START Dataset content
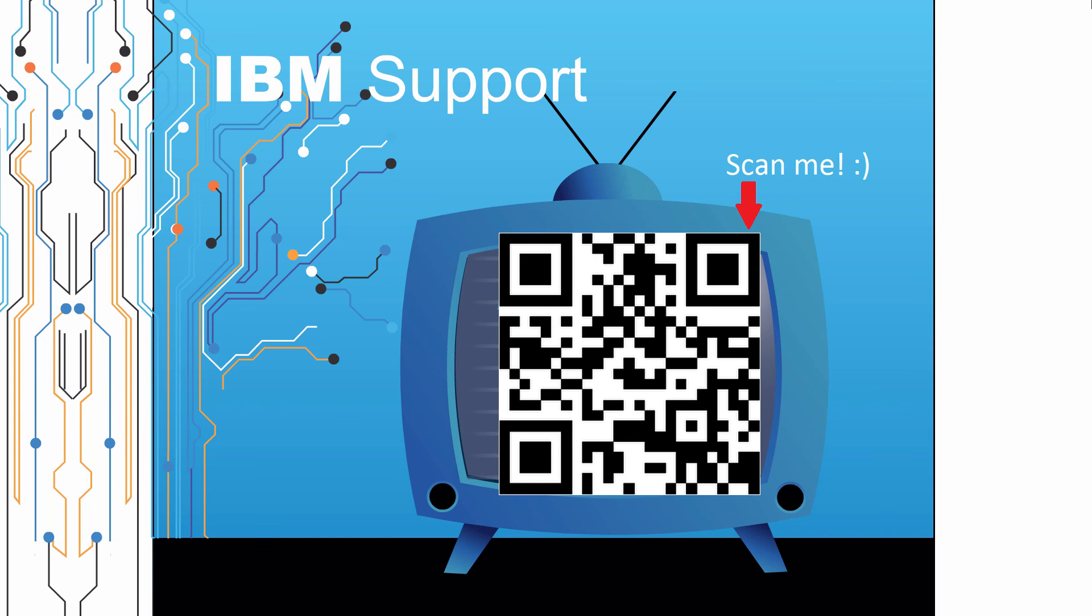Thanks for watching this episode of IBM Support TV. Please leave a comment with topics you would like to see in future episodes. Until then, stay tuned.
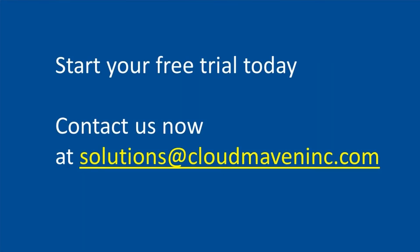I hope you liked the demo. Start your free trial today and contact us now at solutions at cloudmaveninc.com.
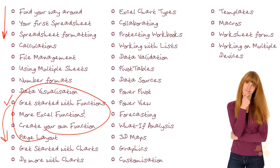On the other hand, if you're already a confident Excel user and you do rather fancy creating your own function or learning about 3D maps or having a look at the new forecasting functions, then by all means dive straight into those particular nuggets without working your way through to them all the way from the beginning.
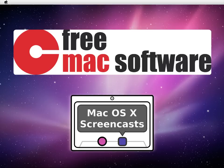If you like this tutorial, please check out freemacsoftware.com for more free apps and please leave a rating in the iTunes store. It really helps. Thanks. Bye.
END Dataset content
Word for word, restate the lines from the line containing "On the other" through the end of the data, including the first and last of them. Pictures stay out.

On the other hand, if you're already a confident Excel user and you do rather fancy creating your own function or learning about 3D maps or having a look at the new forecasting functions, then by all means dive straight into those particular nuggets without working your way through to them all the way from the beginning.
If you like this tutorial, please check out freemacsoftware.com for more free apps and please leave a rating in the iTunes store. It really helps. Thanks. Bye.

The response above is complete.